/banner-auto-scheduler

Generates your university class schedule such that there are no time conflicts and satisfies your degree

Primary LanguagePython

banner-auto-scheduler

Generates your university class schedule such that there are no time conflicts and satisfies your degree in a matter of seconds. All you need is an Excel sheet of courses (which you can copy and paste.) It will automatically generate all possible combinations of possible schedules that will allow you to take a collection of required courses, including automatically registering for applicable labs and tutorials.

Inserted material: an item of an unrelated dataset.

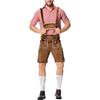 Generic Oktoberfest Pantaloni Tradizionali Uomo Pantaloni Pelle Scamosciata di Vacchetta CostumeBavarese da Uomo Costumes Oktoberfest Lederhosen + Herrenhemd Camicie Set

This application is not a substitute for a course or academic advisor, nor is it affiliated with the Banner system, Dalhousie University, or Saint Mary's University. It cannot determine your course eligibiity, or any special restrictions.

Getting started

Create an Excel spreadsheet called "Dal Course List.xlsx" in the directory where this script is stored. The data in this spreadsheet can be obtained by:

  • log into DalOnline
  • click "Web for Students"
  • click "Registeration"
  • click "Add/Drop Classes"
  • click "Class Search"
  • click "Advanced Search"
  • select a section that has the course that you want to register for, and select it
  • click "Section Search"
  • copy from just after "Sections Found" text until the bottom of the schedule where the grey part ends
  • paste it into an Excel spreadsheet called "Dal Course List.xlsx"
  • save it in the directory where the script is stored
  • if you have multiple courses from multiple different subjects, repeat the following except append the paste to the bottom of the spreadsheet, and do not copy any subject headers (make it look as if it was one large subject.) There should be no way to tell that it is a different subject other than different CRN numbers and different subject titles.

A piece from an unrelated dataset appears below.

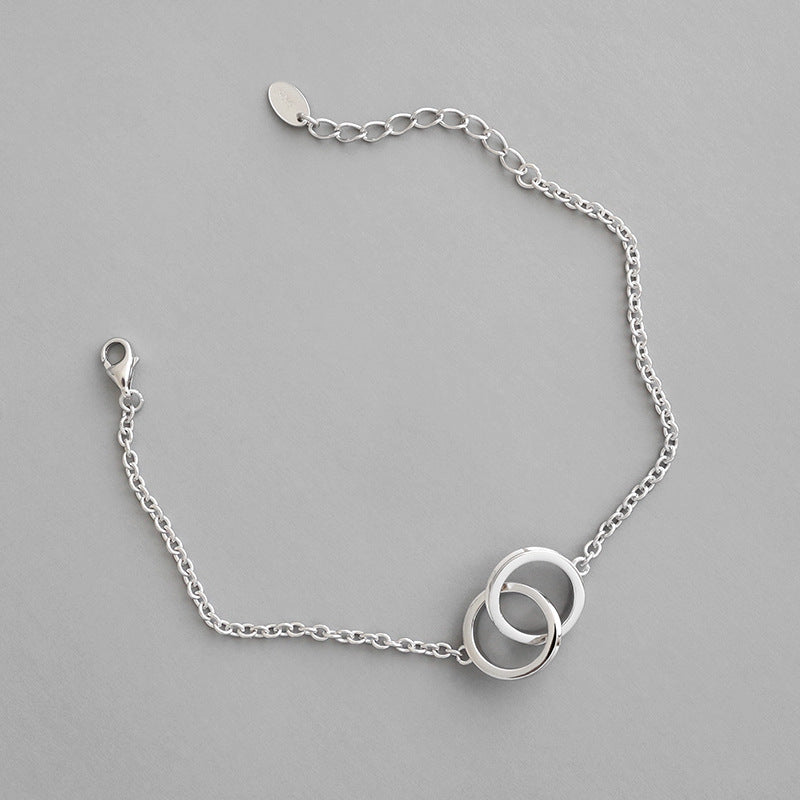 Party Double Loops Curb Chain 925 Sterling Silver Bracelet-Bijou Crush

git clone https://github.com/alhexyorke/banner-auto-scheduler

cd banner-auto-scheduler

pip install -r requirements.txt

  • modify the code (I said this was a quick-and-dirty project) so that the course list is the list of courses that you can register for. They are in the format as "CSCI1110", or whatever your course name is, case sensitive. The "5" is how many from that list you want to register for in that semester. You can change it to however many cousrses you'd like to register for.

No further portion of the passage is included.